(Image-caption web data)
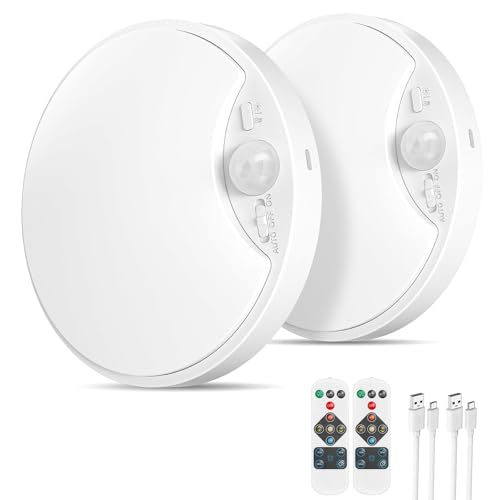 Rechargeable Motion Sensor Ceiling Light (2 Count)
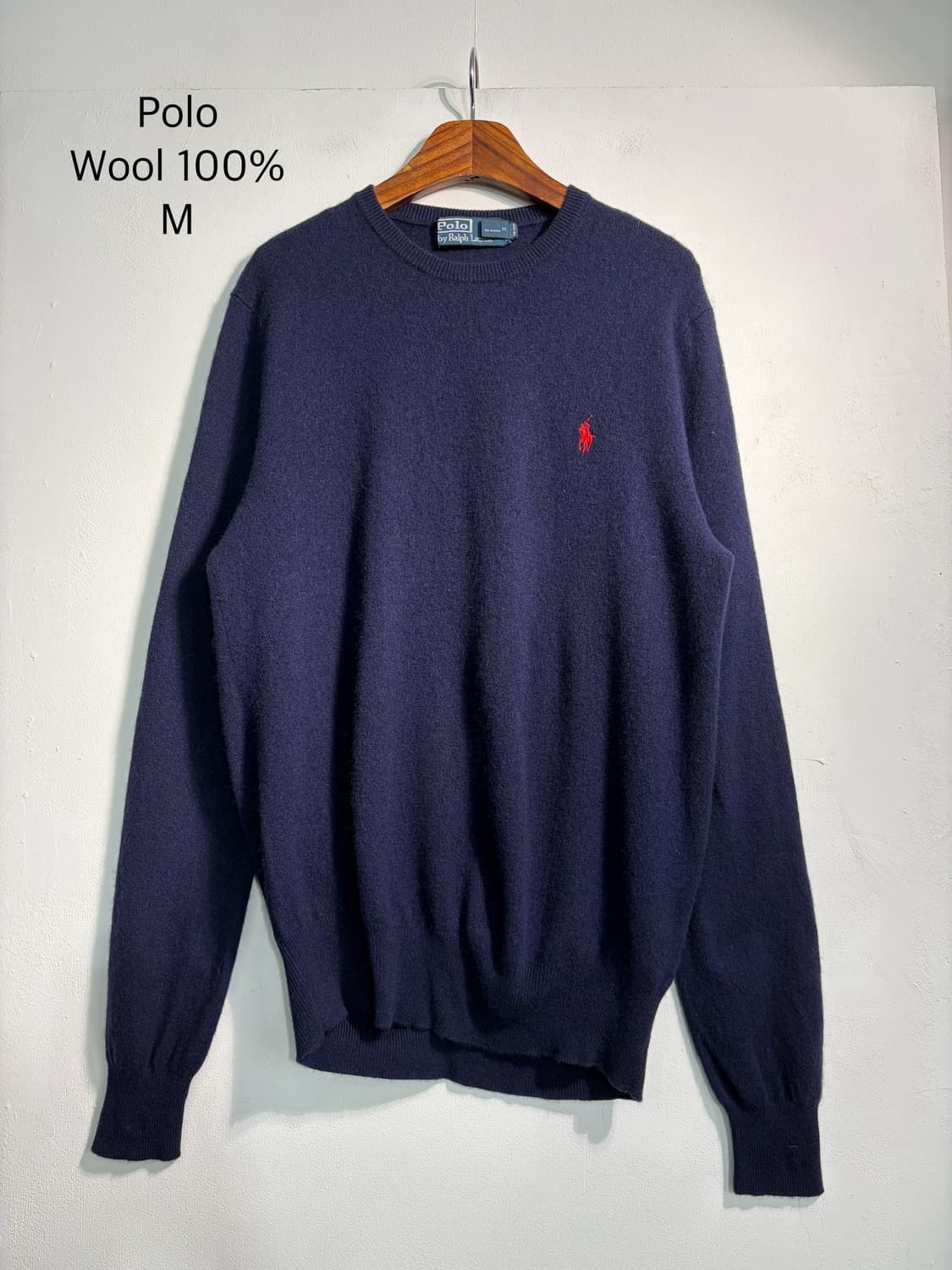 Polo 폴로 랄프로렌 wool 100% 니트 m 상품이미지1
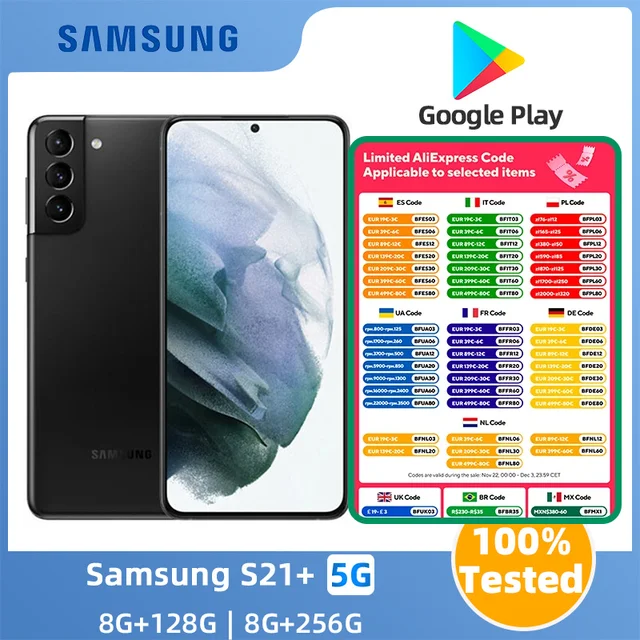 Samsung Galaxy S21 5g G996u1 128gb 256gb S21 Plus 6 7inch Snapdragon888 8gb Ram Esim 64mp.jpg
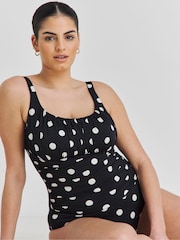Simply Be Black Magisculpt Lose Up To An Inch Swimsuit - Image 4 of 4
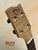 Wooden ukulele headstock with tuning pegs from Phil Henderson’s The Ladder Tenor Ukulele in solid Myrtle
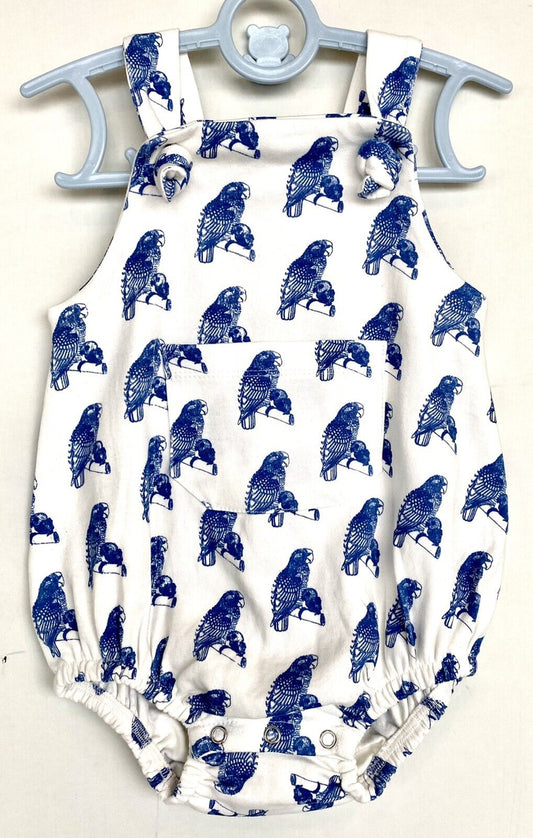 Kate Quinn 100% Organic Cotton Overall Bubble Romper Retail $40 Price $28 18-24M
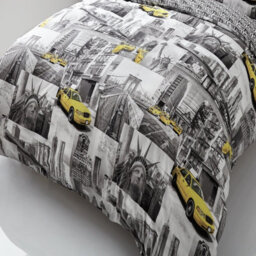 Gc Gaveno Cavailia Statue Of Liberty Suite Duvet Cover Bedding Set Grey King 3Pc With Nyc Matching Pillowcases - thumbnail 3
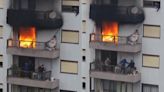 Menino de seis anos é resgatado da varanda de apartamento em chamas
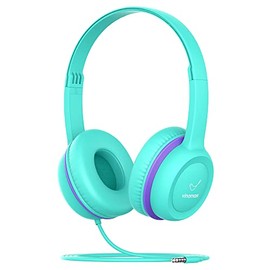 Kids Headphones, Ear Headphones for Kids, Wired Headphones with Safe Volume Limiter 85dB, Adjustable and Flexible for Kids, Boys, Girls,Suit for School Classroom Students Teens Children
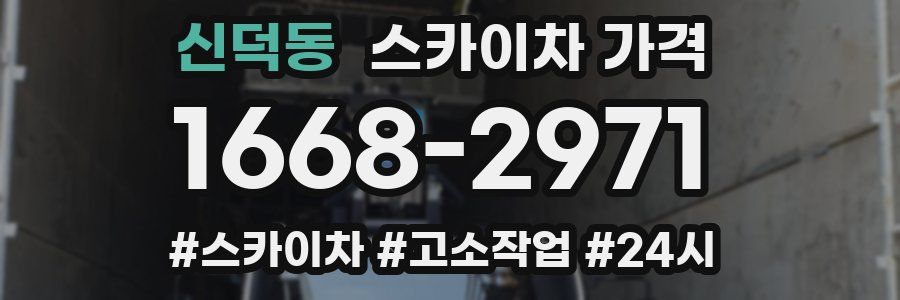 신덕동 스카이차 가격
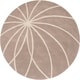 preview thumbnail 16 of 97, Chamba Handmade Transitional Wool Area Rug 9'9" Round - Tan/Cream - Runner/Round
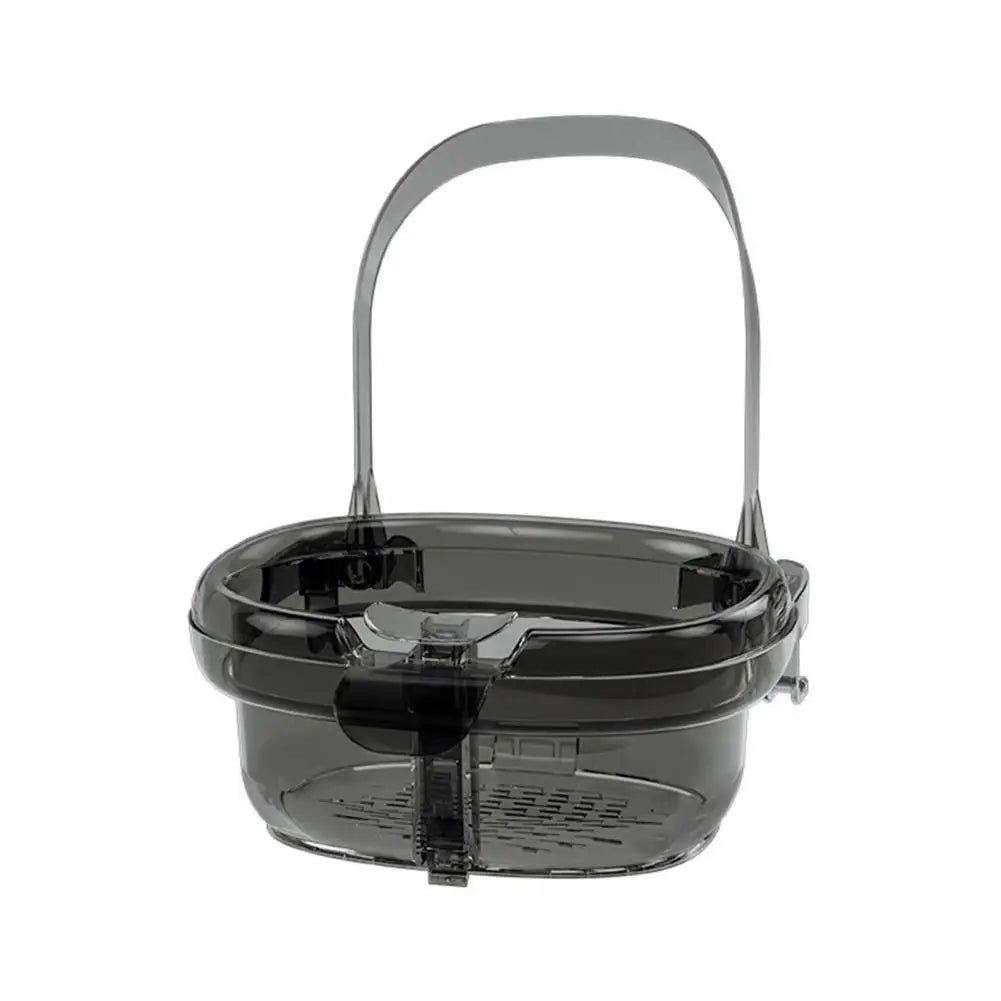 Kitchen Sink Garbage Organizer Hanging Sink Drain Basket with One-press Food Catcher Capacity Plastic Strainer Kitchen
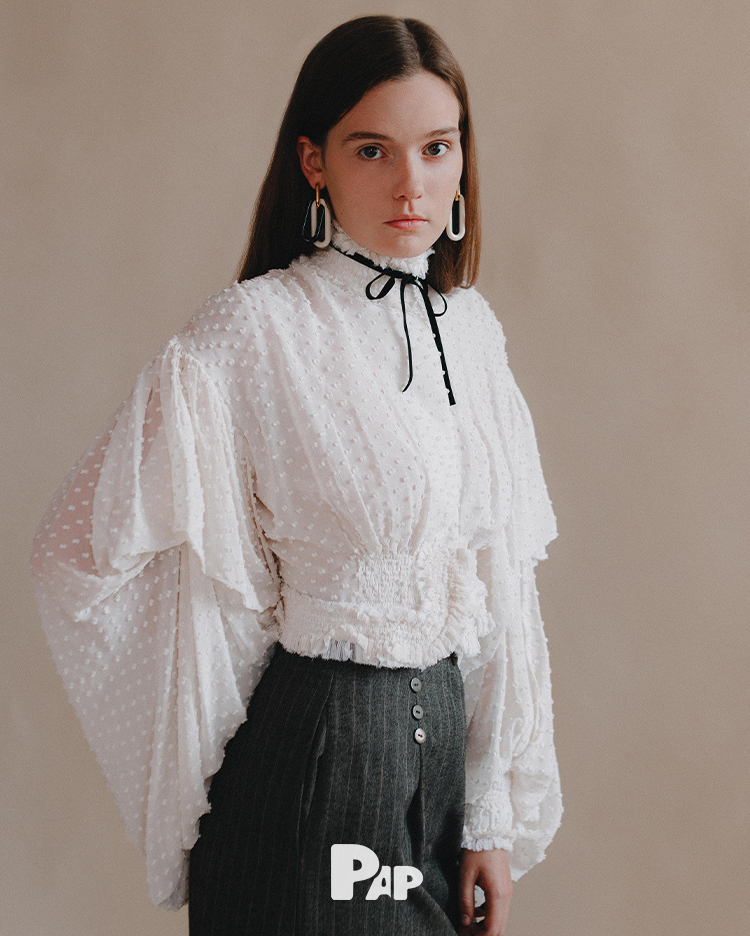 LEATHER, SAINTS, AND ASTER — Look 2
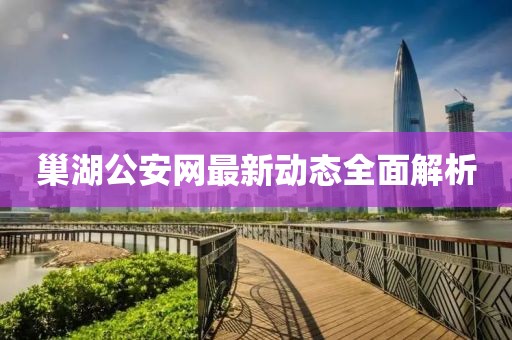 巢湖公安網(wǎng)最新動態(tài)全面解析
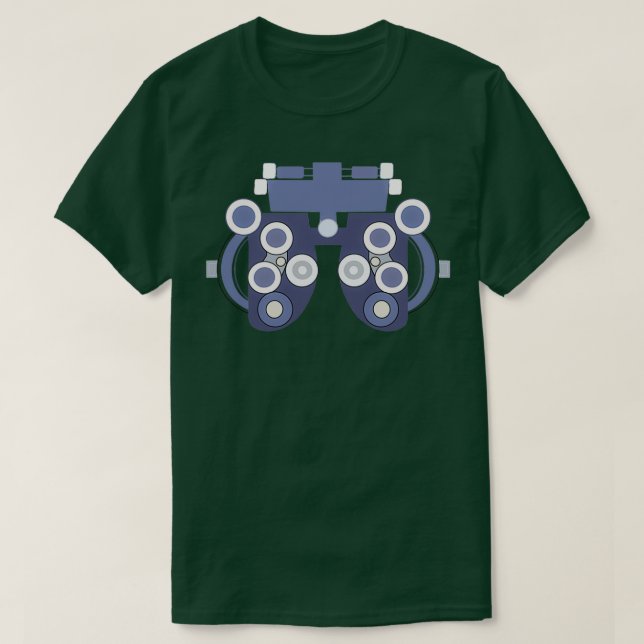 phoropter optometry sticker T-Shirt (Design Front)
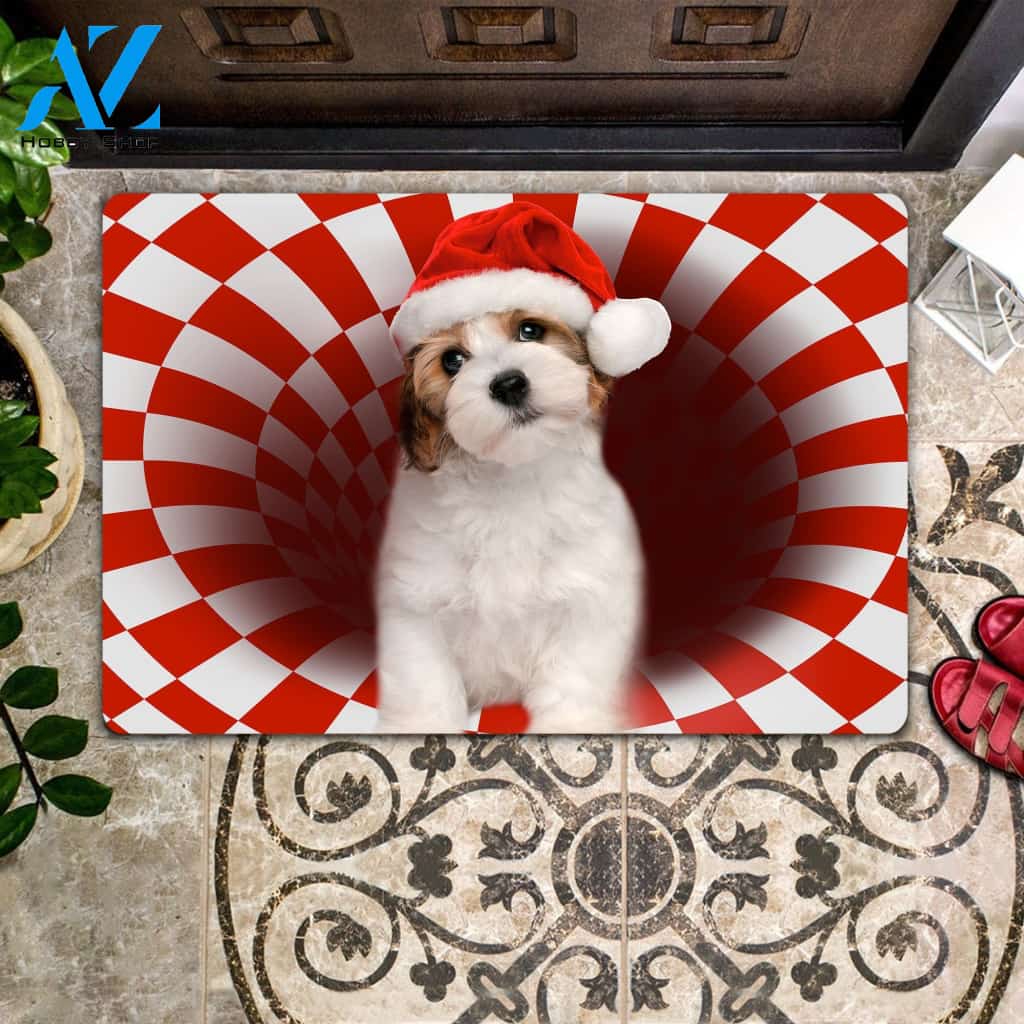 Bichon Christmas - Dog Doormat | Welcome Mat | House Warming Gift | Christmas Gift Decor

[How to complete this task]
Transcribe the entries above verbatim, excluding any image.

[Response to this task]
 Rechargeable Motion Sensor Ceiling Light (2 Count)
 Polo 폴로 랄프로렌 wool 100% 니트 m 상품이미지1
 Samsung Galaxy S21 5g G996u1 128gb 256gb S21 Plus 6 7inch Snapdragon888 8gb Ram Esim 64mp.jpg
Simply Be Black Magisculpt Lose Up To An Inch Swimsuit - Image 4 of 4
 Wooden ukulele headstock with tuning pegs from Phil Henderson’s The Ladder Tenor Ukulele in solid Myrtle
 Kate Quinn 100% Organic Cotton Overall Bubble Romper Retail $40 Price $28 18-24M
 Gc Gaveno Cavailia Statue Of Liberty Suite Duvet Cover Bedding Set Grey King 3Pc With Nyc Matching Pillowcases - thumbnail 3
 Menino de seis anos é resgatado da varanda de apartamento em chamas
 Kids Headphones, Ear Headphones for Kids, Wired Headphones with Safe Volume Limiter 85dB, Adjustable and Flexible for Kids, Boys, Girls,Suit for School Classroom Students Teens Children
 신덕동 스카이차 가격
 preview thumbnail 16 of 97, Chamba Handmade Transitional Wool Area Rug 9'9" Round - Tan/Cream - Runner/Round
 Kitchen Sink Garbage Organizer Hanging Sink Drain Basket with One-press Food Catcher Capacity Plastic Strainer Kitchen
 LEATHER, SAINTS, AND ASTER — Look 2
 巢湖公安網(wǎng)最新動態(tài)全面解析
 phoropter optometry sticker T-Shirt (Design Front)
 Bichon Christmas - Dog Doormat | Welcome Mat | House Warming Gift | Christmas Gift Decor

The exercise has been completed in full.